Re: Using vectors as arrays

From: Erik Jälevik (erik.jalevikDELETE_at_ntlworldTHIS.com)
Date: 01/17/04 

Date: Sat, 17 Jan 2004 02:52:59 -0000

"Leor Zolman" <leor@bdsoft.com> wrote in message
news:a6gg00t319pgnemf6a59jjb5g93168htfo@4ax.com...
> On Fri, 16 Jan 2004 19:24:31 -0000, "Erik Jälevik"
> <erik.jalevikDELETE@ntlworldTHIS.com> wrote:
>
> >I had some code using dynamic arrays which I'm now converting to vectors
due
> >to danger of memory leaks in the face of exceptions.
> >
> >Martin pointed out in an earlier post that it was OK to use a vector as a
> >standard array by taking its address.
>
> Not sure who said what, but what you want to do is take the address of
> the first element, _not_ the address of the vector itself:

Yes, of course. Sorry, I didn't express myself clearly, that's what I meant.

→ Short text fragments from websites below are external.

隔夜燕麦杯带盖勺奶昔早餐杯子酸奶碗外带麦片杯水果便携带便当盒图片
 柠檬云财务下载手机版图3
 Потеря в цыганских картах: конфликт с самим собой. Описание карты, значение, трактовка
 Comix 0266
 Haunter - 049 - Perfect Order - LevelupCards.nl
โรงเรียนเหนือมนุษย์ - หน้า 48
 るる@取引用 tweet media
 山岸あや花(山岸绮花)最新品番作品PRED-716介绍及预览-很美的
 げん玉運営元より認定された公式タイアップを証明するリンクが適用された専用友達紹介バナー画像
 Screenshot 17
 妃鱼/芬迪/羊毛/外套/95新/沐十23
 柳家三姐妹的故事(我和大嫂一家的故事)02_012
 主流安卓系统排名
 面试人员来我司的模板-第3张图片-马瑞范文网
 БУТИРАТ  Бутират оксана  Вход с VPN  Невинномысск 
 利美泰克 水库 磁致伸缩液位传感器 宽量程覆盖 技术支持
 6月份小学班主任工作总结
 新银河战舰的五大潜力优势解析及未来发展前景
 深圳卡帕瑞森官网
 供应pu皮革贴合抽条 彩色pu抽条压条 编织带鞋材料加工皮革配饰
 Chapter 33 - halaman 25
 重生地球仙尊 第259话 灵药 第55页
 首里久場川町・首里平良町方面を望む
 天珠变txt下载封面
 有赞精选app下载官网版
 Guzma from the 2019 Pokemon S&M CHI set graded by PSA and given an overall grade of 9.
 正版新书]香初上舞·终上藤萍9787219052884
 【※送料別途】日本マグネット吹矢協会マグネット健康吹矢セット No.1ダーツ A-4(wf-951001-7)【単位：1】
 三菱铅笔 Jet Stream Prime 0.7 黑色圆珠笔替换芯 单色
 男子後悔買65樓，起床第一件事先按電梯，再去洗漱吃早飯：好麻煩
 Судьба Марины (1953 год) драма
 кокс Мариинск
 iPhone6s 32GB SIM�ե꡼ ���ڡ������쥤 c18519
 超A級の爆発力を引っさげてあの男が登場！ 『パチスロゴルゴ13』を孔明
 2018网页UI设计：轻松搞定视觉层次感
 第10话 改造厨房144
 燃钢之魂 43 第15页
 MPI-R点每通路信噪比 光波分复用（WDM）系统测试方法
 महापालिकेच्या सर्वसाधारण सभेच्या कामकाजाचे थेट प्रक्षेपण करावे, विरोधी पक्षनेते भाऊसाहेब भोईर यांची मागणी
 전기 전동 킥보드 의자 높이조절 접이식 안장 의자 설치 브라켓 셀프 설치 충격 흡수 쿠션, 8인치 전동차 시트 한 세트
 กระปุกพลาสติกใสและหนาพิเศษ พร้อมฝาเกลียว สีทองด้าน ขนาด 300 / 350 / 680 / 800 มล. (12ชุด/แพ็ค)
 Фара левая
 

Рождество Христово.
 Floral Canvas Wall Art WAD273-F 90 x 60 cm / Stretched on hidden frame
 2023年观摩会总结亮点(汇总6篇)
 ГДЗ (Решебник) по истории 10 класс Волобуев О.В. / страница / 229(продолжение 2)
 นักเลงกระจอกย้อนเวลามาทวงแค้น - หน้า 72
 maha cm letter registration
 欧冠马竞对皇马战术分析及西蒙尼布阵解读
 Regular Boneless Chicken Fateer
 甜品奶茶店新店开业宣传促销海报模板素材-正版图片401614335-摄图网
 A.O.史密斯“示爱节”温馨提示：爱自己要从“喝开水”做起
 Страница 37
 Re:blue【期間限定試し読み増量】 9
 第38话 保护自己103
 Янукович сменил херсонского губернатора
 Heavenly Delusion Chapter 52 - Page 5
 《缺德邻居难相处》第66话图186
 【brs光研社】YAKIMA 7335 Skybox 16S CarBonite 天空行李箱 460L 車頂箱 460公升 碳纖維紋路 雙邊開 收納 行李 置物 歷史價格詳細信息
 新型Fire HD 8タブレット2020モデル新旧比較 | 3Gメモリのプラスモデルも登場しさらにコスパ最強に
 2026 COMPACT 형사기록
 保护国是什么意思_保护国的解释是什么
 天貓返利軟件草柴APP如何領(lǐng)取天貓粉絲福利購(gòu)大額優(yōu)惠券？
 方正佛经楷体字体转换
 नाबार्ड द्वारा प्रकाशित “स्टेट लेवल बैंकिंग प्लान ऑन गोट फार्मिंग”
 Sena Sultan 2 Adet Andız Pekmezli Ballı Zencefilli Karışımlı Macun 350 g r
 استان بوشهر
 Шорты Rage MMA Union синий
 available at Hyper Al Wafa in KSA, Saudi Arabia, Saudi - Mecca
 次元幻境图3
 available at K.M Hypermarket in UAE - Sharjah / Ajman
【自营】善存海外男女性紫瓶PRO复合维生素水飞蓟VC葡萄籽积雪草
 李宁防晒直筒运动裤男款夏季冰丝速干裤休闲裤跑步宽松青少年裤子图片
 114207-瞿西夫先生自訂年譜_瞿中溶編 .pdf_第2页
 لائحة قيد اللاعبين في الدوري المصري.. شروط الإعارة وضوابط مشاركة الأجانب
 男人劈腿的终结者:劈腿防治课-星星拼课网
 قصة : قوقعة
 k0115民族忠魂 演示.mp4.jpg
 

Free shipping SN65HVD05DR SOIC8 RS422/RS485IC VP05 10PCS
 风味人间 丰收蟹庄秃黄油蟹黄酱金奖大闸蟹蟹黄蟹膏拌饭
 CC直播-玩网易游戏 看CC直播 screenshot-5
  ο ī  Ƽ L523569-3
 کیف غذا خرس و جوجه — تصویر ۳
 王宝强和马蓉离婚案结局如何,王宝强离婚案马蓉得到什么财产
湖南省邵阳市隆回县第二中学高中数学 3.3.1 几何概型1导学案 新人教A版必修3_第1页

> >Is it also OK to use the individual
> >addresses for assigning to like in the following example:
> >
> >vector<double> energy;
> >energy.reserve(100);
> >for (int j = 0; j < 100; j++) {
> > *(&energy[j]) = res[j].GetEnergy();
>
> Looks "OK", but why would you choose to write this instead of plain
> old:
> energy[j] = res[j].GetEnergy();

That works? I just assumed I couldn't do that for some silly reason. Oh
well, thanks for pointing it out.

> push_back will handle the case where the vector has to "grow", while
> directly assigning will not, and will in fact yield undefined behavior
> if you go out of bounds.

Yes OK. But I will always make sure to allocate enough space with reserve
beforehand since efficiency is quite important in my application and I never
want the vector to grow.

> Nothing can really "unpreserve" ordering in a vector; you
> set the order and it would never second-guess you on it!

OK, good. I assumed this would be the case but wasn't sure it was prescribed
by the standard. In fact, I think the Josuttis book mentioned it wasn't
strictly prescribed but that most compilers did it that way.

Erik